Research project SR/00/303 (Research action SR)
CONTEXT AND OBJECTIVES
A significant proportion of Europe’s population lives in urban areas where exceedances of air quality standards occur and pose serious health risks. A major contribution to the urban air pollution is provided by burning of fossil fuels in road transport, with the emission of particulate matter (PM). PM pollution is causing tremendous costs to society due to a significant increase in health problems and morbidity. To be able to make reliable risk assessments and take adequate urban management decisions, it is therefore important to get a detailed insight in the spatial distribution of air pollution.
As conventional air pollution monitoring stations only provide coarse-scale information on exposure to pollutants, a growing interest has risen in monitoring and modelling urban air pollution in ways to obtain information with a high spatial resolution. A possibilities for high spatial resolution monitoring is biomonitoring of urban vegetation.

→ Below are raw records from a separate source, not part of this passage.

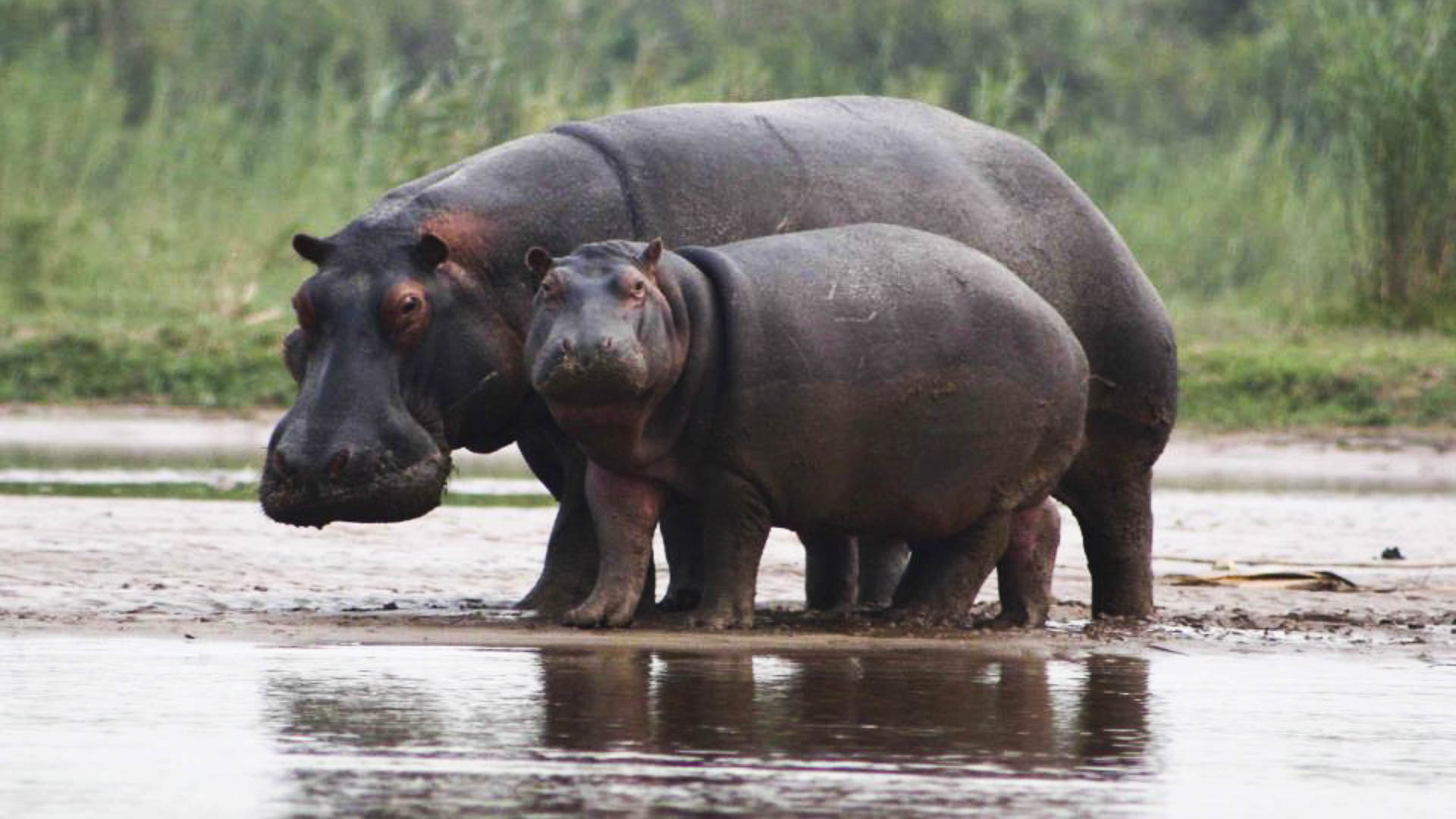 Rusizi National Park-Burundi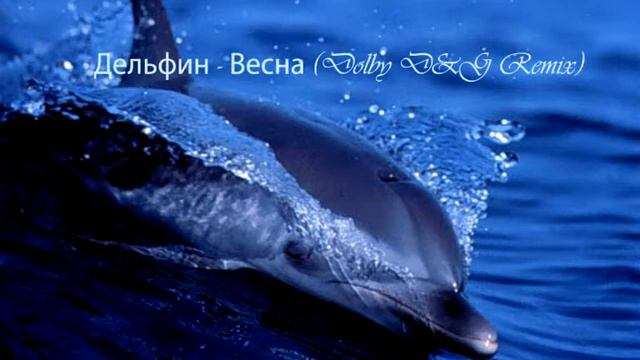 Дельфин Весна Dolby D&G Remix смотреть онлайн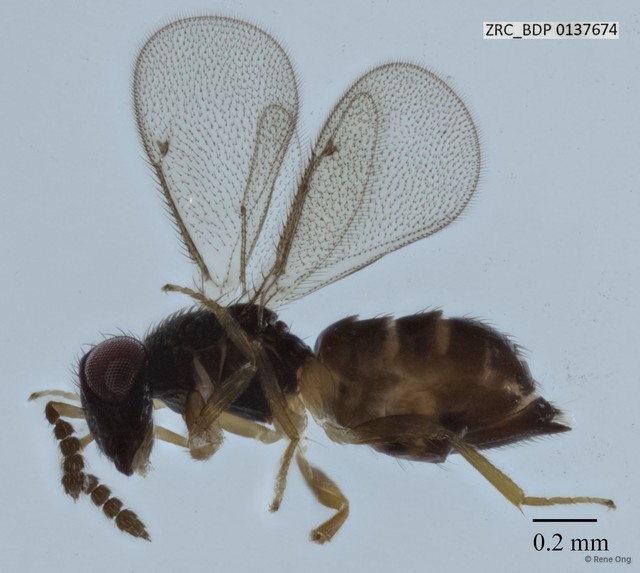 Hymenoptera sp. "Wasp ZRCBDP0137674"•&copy; Rene Ong•All Rights Reserved
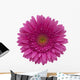 gerbera flower Wall Decal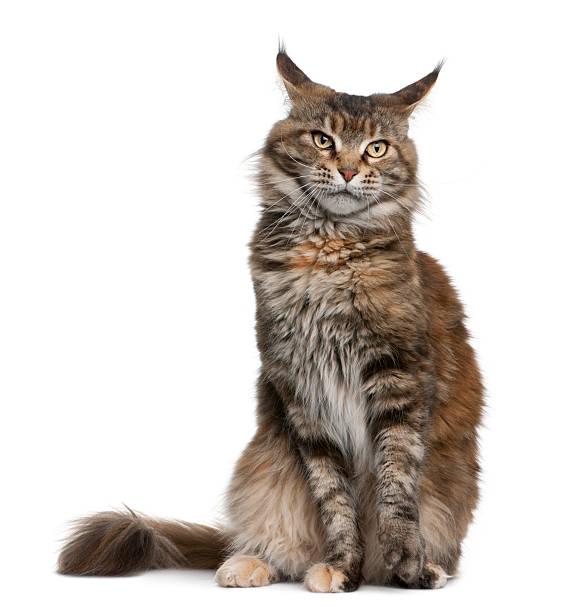 istock Front view of Maine coon cat, 3 years old, sitting. 104355486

During the last three decades, remote sensing techniques are frequently applied within the context of environmental monitoring. However, many techniques needs further development, or were never tested for their biomonitoring potential. The dorsiventral leaf asymmetry (the difference between the upper and lower leaf side), and the resulting differences in hyperspectral leaf reflectance, is hardly considered in any (remote sensing) biomonitoring approach. Therefore, the overall objective of this research proposal is to develop, test and validate a plant-based passive biomonitoring methodology based on hyperspectral observations and considering leaf asymmetry. In this project we will make use of a dual approach, i.e.: (1) large solitary trees growing in various contrasting urban environments in terms of air pollution used for scaling up exercises from leaf to canopy, and (2) trees spatially distributed over the entire urban area for mapping purposes.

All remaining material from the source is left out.